US 11,755,676 B2
Systems and methods for generating real-time recommendations
Douglas Sweet, Sunnyvale, CA (US); Paul Davis, Saratoga, CA (US); and Richard Chandler, Santa Cruz, CA (US)
Assigned to Architecture Technology Corporation, Minneapolis, MN (US)
Filed by Architecture Technology Corporation, Minneapolis, MN (US)
Filed on Aug. 11, 2022, as Appl. No. 17/885,794.
Application 17/885,794 is a continuation of application No. 17/113,165, filed on Dec. 7, 2020, granted, now 11,449,553.
Application 17/113,165 is a continuation of application No. 15/947,071, filed on Apr. 6, 2018, granted, now 10,866,989, issued on Dec. 15, 2020.
Prior Publication US 2022/0382814 A1, Dec. 1, 2022
Int. Cl. G06F 7/00 (2006.01); G06F 16/9537 (2019.01); G06F 16/901 (2019.01); G06F 16/31 (2019.01); G06F 18/2113 (2023.01); G06F 18/243 (2023.01); G06V 10/764 (2022.01); G06V 10/771 (2022.01); G06V 20/40 (2022.01)

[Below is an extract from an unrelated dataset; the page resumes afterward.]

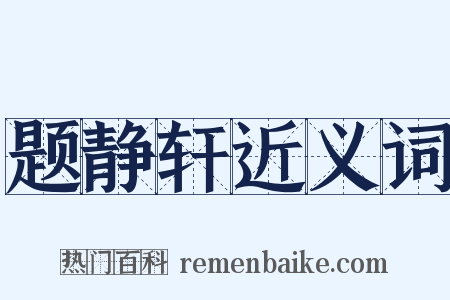 题静轩近义词是什么意思的图片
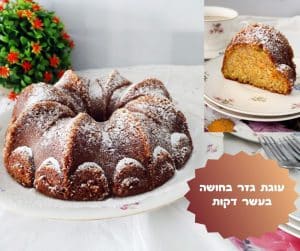 עוגת גזר בחושה בעשר דקות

CPC G06F 16/9537 (2019.01) [G06F 16/313 (2019.01); G06F 16/9027 (2019.01); G06F 18/2113 (2023.01); G06F 18/24323 (2023.01); G06V 10/764 (2022.01); G06V 10/771 (2022.01); G06V 20/40 (2022.01)] 22 Claims
OG exemplary drawing
 
1. A real-time recommendation system, comprising:
a processor; and
a non-transitory, computer-readable storage medium having encoded thereon instructions that when executed by the processor, cause the processor to:
implement a feature detection/selection object, a feature install object, and one or more recommendation objects, a recommendation object comprising one or more recommendation algorithms,
receive detected feature data extracted from a data record by the feature detection/selection object,
accept one or more detected features from the detected feature data,
apply accepted features to one or more feature install algorithms of one or more feature install objects,
determine a class of one or more applied, accepted features,
abstract the one or more applied, accepted features according to a determined class,
modify a recommender algorithm according to one or more abstracted features,
save modified recommender algorithms, and
apply the accepted features to a saved, modified recommender algorithm, the real-time recommendation system adapted to issue one or more item recommendations according to the saved, modified recommender algorithm.